───── AVAILABLE RECORDS ─────
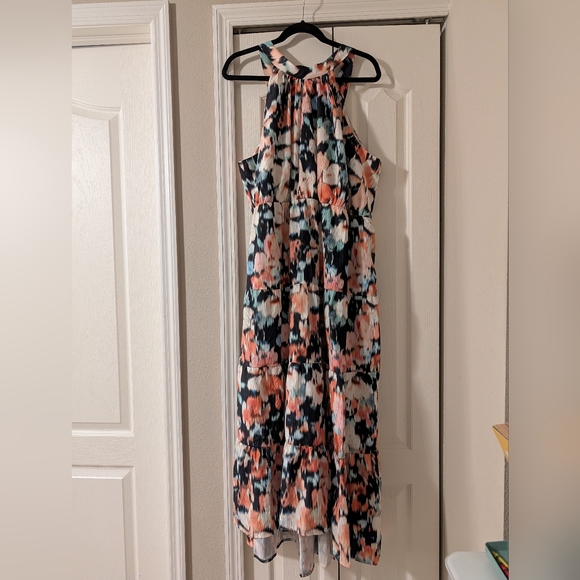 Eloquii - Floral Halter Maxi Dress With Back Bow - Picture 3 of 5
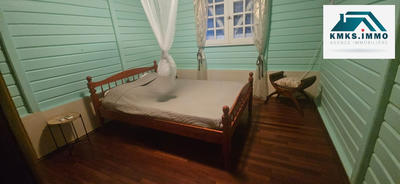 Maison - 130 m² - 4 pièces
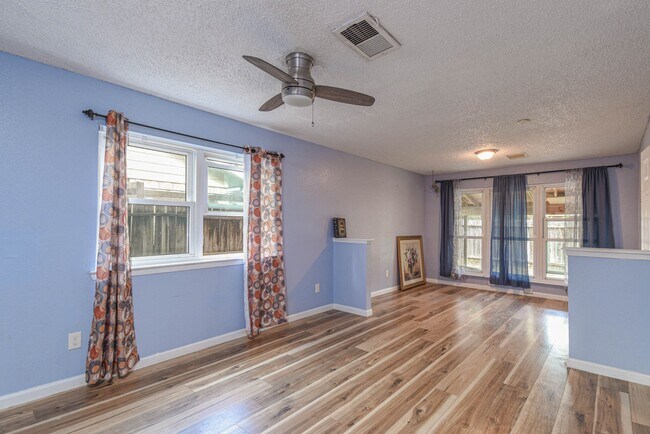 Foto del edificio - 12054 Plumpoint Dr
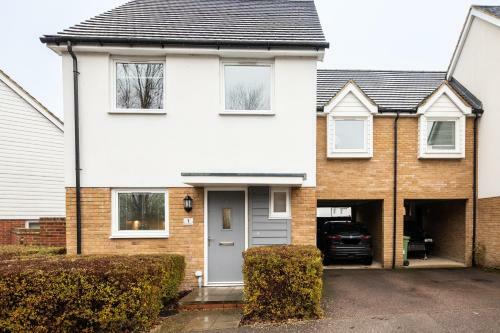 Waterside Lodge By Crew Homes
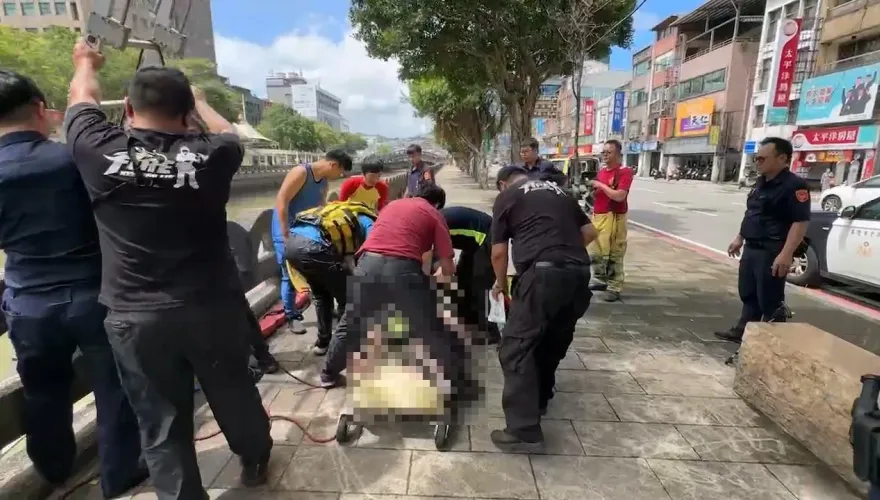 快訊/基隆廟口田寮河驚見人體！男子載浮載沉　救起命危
─────
## EXERCISE
Emit the lines of the data above from the one containing "Waterside Lodge By Crew Homes" through its final line, both endpoints included. Pictures do not belong in the output.

## RESULT FOR THIS EXERCISE
 Waterside Lodge By Crew Homes
 快訊/基隆廟口田寮河驚見人體！男子載浮載沉　救起命危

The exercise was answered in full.